Thank you for the answer. The issue is odd since I can’t reproduce it with a small model (as I mentionned in the original post).

It makes sense since in the output file, # Adaptation terminated is not a separated line. Now I see that I’ve shared the wrong output file. Here is the problematic output file in another run:
model-20230811103203.csv (8.6 KB)

Could it be a race condition since the end of the line 46 is theta.# Adaptatio# Adaptation terminated ? One thing I forgot to mention is that I handle parallel chains manually in Python with multiprocessing, meaning that two or more stan programs could be executed (almost?) simultaneously. However, I’m not sure how the race condition on the file would occur unless the naming convention CmdStanPy is not safe in this use case, in the sense that 2 progams could end up with the same output file name.

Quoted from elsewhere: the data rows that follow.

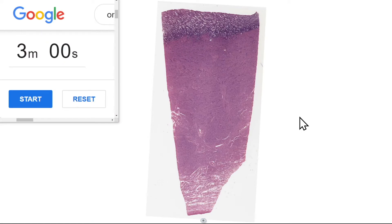G'day everyone, Jamie Chapman here for 3 Minute Histology. In this video we're continuing our look at the structure of the endometrium during the 3 phases of the menstrual cycle. In this video we're going to be looking at the structure of the endometrium during the secretory phase, the third of the 3 phases of the menstrual cycle. So let's start our 3 minutes.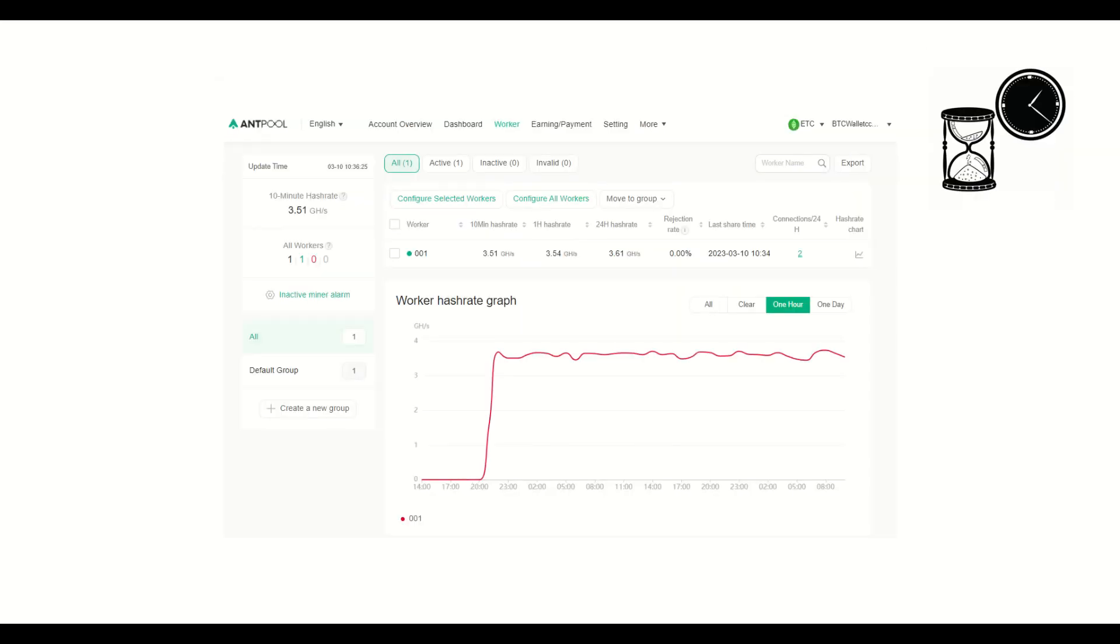This waiting time of 5 to 20 minutes is also the time it will take to see the activity of the E9 Pro appear on the antpool.com web interface. In the workers menu, you will see the hashrate and the amount of rewards. Remember to provide antpool with the wallet address where you want to receive the coins.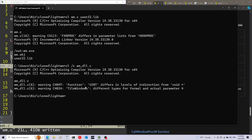Now I'm going to build the DLL. I'll use cl again but this time with the /c flag, which means compile only, because I want to link separately. I'll pass in wmdll.c. There are two warnings but it's still going to work fine. Then I'll link the DLL, passing the object file to the linker along with user32.lib, and specifying /DLL.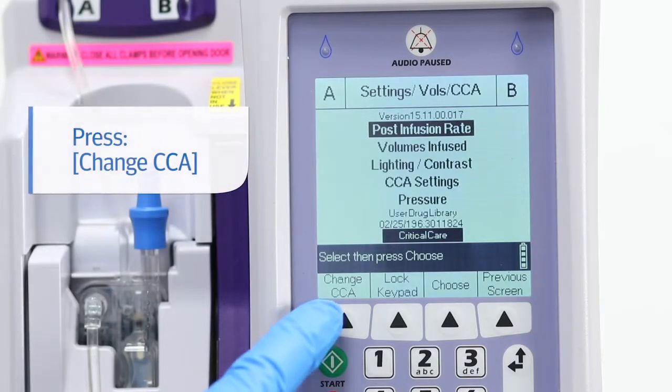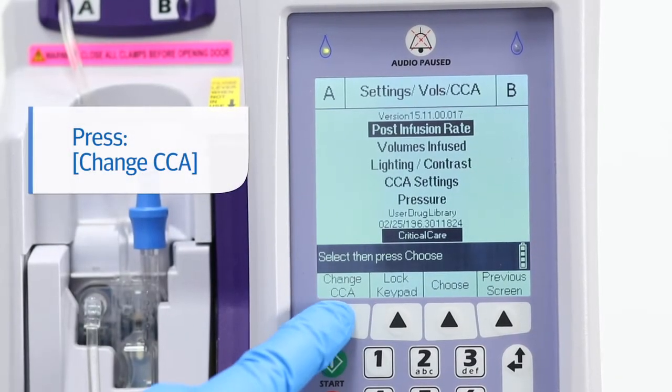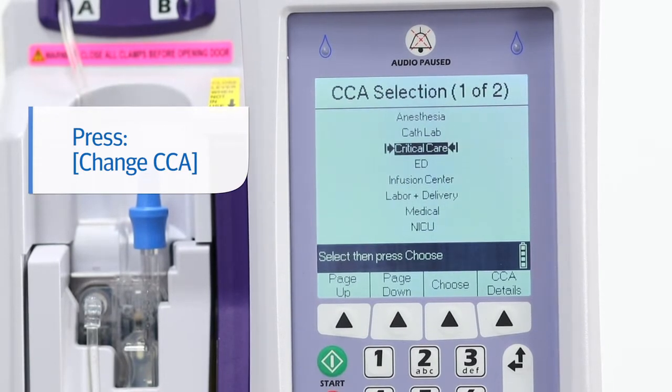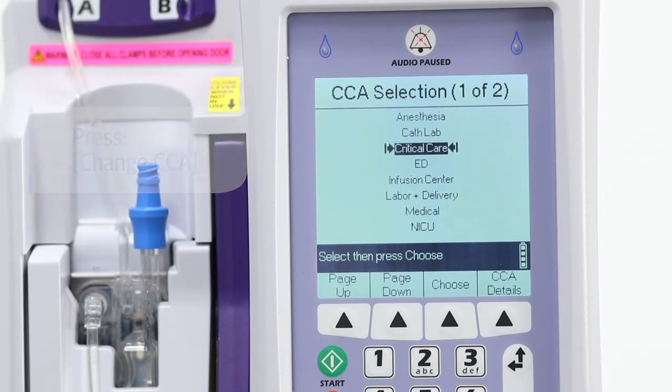Then press Change CCA. Note that the current CCA is indicated by two arrows, one before and after.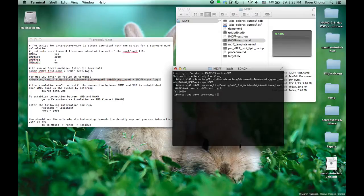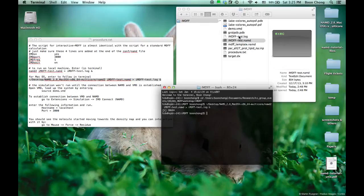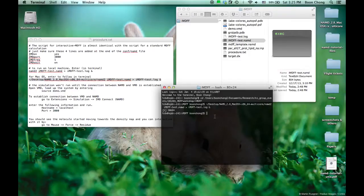You'll notice that there's no file coming out now, only the log file. Because the simulation is not running yet, until there's a connection established.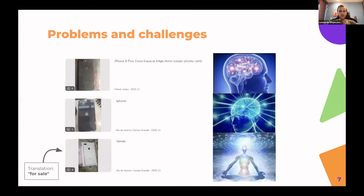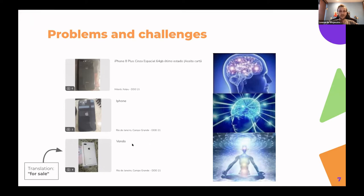Another challenge is that users write their own titles and descriptions. We see a range of quality: one seller writes 'iPhone 8 Plus gray, 64 gigabytes of memory' — a great title. Another just wrote 'iPhone.' A third wrote something that translates to 'For Sale,' with no product name at all — we only know it's an iPhone from the attributes and image. If we rank that ad highly, buyers searching for iPhones would be frustrated, yet we still have to give that seller a chance.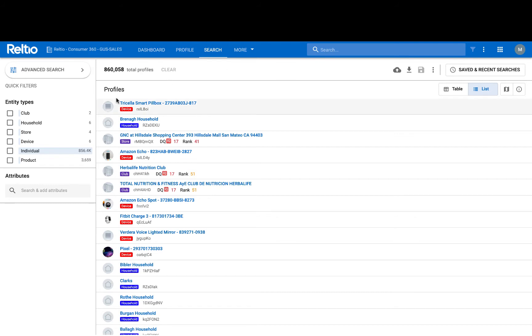You'll see in the upper left the list of entity types that Reltio is managing in this tenant, and their respective counts next to them on the right. These live counts constantly give users context around the amount of data of a particular group within the platform, and they will change in real time as we begin segmenting.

Very possibly, if you’re having multiple copies running in parallel and you don’t take care to make sure the file is not overlapping with others

I found the issue: it was in fact a race condition. Sometimes, two Stan processes write to the same file (probably when they start/end at the exact same time). The solution was to manually set the output file names with CmdStanpy such that different Stan processes always write different files. This can be done with the argument time_fmt in CmdStanModel.sample.